I think I've had a moment of brilliance, actually I'm sure of it. It all happened this morning when I woke up unexpectedly at three aye - em or zero dark thirty whichever you prefer. It was an ungodly early hour for sure. Trusty dog, Briley the Freakster, woke me up with a woof to go out to pee. Which, even though annoying, is a good thing if you consider the alternative is peeing on the floor. Sometimes I wonder, as I stagger around, if I've taught her to wake me up by telling her she's a good dog or if she naturally is a good dog who doesn't want to pee inside. Because I really don't want to get up in the middle of the night...every night...occasionally several times a night, to open and close the door for the dog...but I do. But I'm afraid to tell her to go back to bed because what if she has diarrhea and really can't wait? Then not only would I feel horrible for making her wait but I'd have runny dog shit all over the place. It's that thought that keeps me getting up in the middle of the night.
That's not the brilliant part though. The brilliant part is that while I was stumbling around I was thinking about food. I don't know why I think about food all the time but I do. It's not like I was ever starved as a child. I've never had to go hungry...in fact, I don't think I've ever been hungry. Probably because I eat all the time. In any case, I was thinking about what my favorite dinner would be and I decided it would be rib eye. Then I decided my all time favorite food would be ice cream...mint chocolate to be specific...not to be confused with mint chocolate chip which is entirely different. No, mint chocolate is like marble fudge only instead of vanilla ice cream the ice cream is mint with fudge ripples throughout. It's a fabulous flavor from my childhood that nobody makes anymore. Then the flash of brilliance...

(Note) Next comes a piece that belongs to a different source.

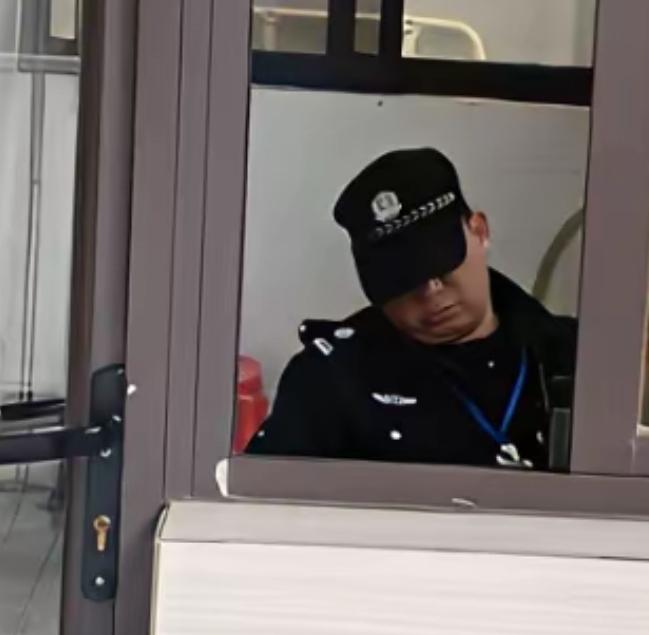 有人说值夜班的保安太辛苦，夜里过了12点以后，公司必须允许保安睡觉。因为后半夜基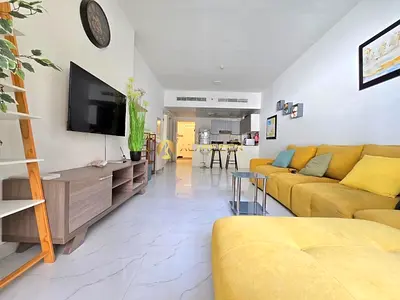 شقة مفروشة بغرفة نوم واحدة | Alcove JVC | إطلالة على الشرفة والفناء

I was thinking about my favorite adult beverage which doesn't have a name, it's just vodka with pineapple and grapefruit juice. Cocktail waitresses and bartenders have told me on numerous occasions that it's a Greyhound and brought me vodka/grapefruit sans pineapple. I've sent it back many times. One cute little waitress told me it was a Sea Breeze and brought me vodka/cranberry. So now when they ask me I just always say "I'd like vodka with pineapple/grapefruit juice". Oh, and I always say "please". Because I've been trained since birth that it's always important to be polite.
Standing at the door, I thought vodka with pineapple/grapefruit is the perfect drink, not too sweet, not too sour...it's just right...kinda like Baby Bear's bed...and it hit me...the flash of brilliance...it's a Goldilocks! Holy Shitsky how fucking wonderful is that?
All this time, the drink with no name...and now it has a name. Every time I go to a bar, I'm going to ask for a Goldilocks and when the cocktail waitress or waiter asks me what it is I'll tell them"It's vodka with half pineapple half grapefruit juice".
Okay, admittedly it's not "brilliance" on the scale of say, Jonas Salk, or Einstein, or Stephen Hawking. But in my pea brain, I'm a fucking genius for thinking this up...it's The Stoopidist Thing.
P.S. I'm not entirely sure that someone hasn't already usurped this fabulous name for some other adult beverage. I head to Google now...let the search begin.
P.S.S. If you ever go to a bar be sure to ask for a "Goldilocks" and when they ask what it is, tell them it's vodka with half pineapple and half grapefruit juice...in a chimney with ice. (I added the last part about the glass because that's the way I like it.)